There are basically two ways in which one can make use of a modern CPU with multiple cores for computationally intensive work.
- Using multiple threads within one program (multithreading).
- Using multiple (single-threaded) programs that communicate (multiprocessing).
In the first case, all data is implicitly shared. In the second case, data must be explicitly shared or communicated.
The first option is often said to be more convenient. I would like to make the case that this usually makes the task more difficult, because of the need to manage all shared data.
Please note that I’m a mechanical engineer that enjoys programming as part of my engineering toolbox. Since I don’t have a computer science background I might not describe things in the way they are usually thought of in computer science. Since I am mostly familiar with UNIX-like operating systems and I do most of my programming in Python these days, I might label some concepts in UNIX or Python terms. For that, I ask the reader’s indulgence.
Functional programming languages can be said to side-step shared data access because they avoid mutable data and changing state. Since I don’t have much experience with those, I cannot really comment on them.
But I strongly suspect that TANSTAAFL applies. If functional languages make multithreading easier, there will be something else that they make harder.
All programs basically run on a machine that processes instructions. This can be the actual CPU, or a kind of virtual machine that processes higher-level bytecode.
In both contexts there is the fundamental concept of atomicity. An action is said to be atomic if it can be carried out in a single, uninterruptible instruction. This is important because in a multithreaded program only data access that is atomic does not need to be protected by a lock of some kind on the data.
It is worth noting that generally both writing and reading data needs to be protected with locks.
Reading needs to be protected because otherwise another thread might modify the data during the read, leading to unpredictable results. Say for example we have an array of integer values. One thread is calculating the sum of the members of this array. While that is happening, another thread is incrementing all members of the array by one. So what is the result of the summation? If the summation is running ahead of the increment, the sum it that of the original array. The other way around, the sum is that of the incremented array.
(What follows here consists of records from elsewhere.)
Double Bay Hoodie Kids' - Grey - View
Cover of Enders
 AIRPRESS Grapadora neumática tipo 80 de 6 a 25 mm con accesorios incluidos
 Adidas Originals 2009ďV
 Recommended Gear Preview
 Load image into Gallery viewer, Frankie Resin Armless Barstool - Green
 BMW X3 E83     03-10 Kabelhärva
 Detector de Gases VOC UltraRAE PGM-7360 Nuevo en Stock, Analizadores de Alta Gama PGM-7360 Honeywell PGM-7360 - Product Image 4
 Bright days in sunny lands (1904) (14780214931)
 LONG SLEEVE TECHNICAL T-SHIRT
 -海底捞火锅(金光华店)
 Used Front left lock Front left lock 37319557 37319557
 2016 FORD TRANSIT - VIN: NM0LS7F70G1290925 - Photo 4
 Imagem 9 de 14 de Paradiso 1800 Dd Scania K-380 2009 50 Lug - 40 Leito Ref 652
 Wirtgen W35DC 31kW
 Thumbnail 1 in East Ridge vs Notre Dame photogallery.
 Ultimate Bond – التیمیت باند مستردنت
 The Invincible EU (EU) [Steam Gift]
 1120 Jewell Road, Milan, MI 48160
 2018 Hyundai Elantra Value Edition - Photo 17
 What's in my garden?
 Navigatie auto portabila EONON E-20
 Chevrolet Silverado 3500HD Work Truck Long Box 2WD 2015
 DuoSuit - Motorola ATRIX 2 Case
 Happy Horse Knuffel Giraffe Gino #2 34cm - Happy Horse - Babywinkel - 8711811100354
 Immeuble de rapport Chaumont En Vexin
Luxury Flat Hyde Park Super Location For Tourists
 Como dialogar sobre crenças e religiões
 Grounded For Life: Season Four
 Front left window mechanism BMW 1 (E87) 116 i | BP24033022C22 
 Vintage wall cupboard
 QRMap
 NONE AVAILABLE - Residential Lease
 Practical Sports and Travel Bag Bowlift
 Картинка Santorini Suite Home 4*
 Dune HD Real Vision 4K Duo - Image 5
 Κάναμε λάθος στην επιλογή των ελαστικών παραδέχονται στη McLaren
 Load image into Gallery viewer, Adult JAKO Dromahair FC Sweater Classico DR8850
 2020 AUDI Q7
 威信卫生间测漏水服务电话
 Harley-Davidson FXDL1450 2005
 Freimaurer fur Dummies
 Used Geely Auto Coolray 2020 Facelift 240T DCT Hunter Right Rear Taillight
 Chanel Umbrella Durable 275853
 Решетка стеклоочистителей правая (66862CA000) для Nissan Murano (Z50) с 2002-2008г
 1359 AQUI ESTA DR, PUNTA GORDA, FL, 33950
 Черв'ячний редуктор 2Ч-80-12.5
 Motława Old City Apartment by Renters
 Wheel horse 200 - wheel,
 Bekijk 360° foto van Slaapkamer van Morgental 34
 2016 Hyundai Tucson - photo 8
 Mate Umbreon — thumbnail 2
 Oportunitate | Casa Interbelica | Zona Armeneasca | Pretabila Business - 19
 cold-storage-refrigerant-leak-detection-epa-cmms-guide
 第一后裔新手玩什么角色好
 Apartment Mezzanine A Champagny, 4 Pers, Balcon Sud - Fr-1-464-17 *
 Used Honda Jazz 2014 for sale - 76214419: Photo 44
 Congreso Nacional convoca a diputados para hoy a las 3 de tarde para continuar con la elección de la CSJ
But if reading and incrementing are interleaved, the result could be anything in between! And the really weird thing is that two of the three sums could be said to be correct!
Writing needs to be protected because two threads modifying the same data also leads to unpredictable results. Say in the array example above that one thread is incrementing the members of the array while another is multiplying them by a factor. Here again we have an uncertain outcome. For all the array members goes that they can be incremented and then multiplied or they are multiplied and then incremented.
From these examples it it clear that the results are highly sensitive to the timing of different threads. This is called a race condition.
The examples also show that not all such issues cause the program to crash. In fact it would be better if such issues did cause a crash because then it would be clear that there is a problem. As is, multiple runs of the program could generate different results from the same input data. That is unacceptable.
Since in a multithreading environment everything that is visible in a global context is shared, all accesses to that data need to be protected unless the programmer knows with certainty that only one thread will access it.
And while protection mechanisms exist, they can cause their own share of problems like e.g. deadlock and resource starvation.
In multiprocessing, we typically have one process (the “parent”) launch several “children” to do some work.
Communication between these processes can happen in several ways.
- Child processes can be given arguments when they start and they return a numerical result code on completion. If processes are started with fork, they also inherit the data of the parent.
- Processes can talk to each other over pipes or sockets.
- Programs can save data in files for other programs to access.
- Processes can explicitly share memory, e.g. via mmap.
Of course the first way is a one-time communication.
The second way is interactive and messages generally arrive in the order they are sent. Sending messages provides automatic serialization; you can generally not read a message before it was sent. One only has to take into account that it is sometimes possible to read messages partially. The only downside of this is that it is not really suitable for large amounts of data.
For large amount of data, the third way works well, especially on an SSD. I would use this in combination with the first or second way, as in sending the child process a message such as “process the data from <filename>”. If the sender takes care to write and close the file before sending the message to the receiving process, access to the data is automatically serialized.
Shared memory is also a good way to share large amounts of data, but here we have the same problems as with multithreading; serializing data access. Some environments (like Python) have serialization for some kinds of shared memory built-in.
Because data is implicitly shared in multithreading, the programmer has the burden of explicitly protecting access.
In general, multiprocessing has to explicitly make data available. This can often provide automatic access serialization. Process isolation implicitly provides protection for the in-memory data of a process.
For these reasons, I generally prefer multiprocessing over multithreading. For me the advantage of easy access to data is overshadowed by the overhead of serializing data access.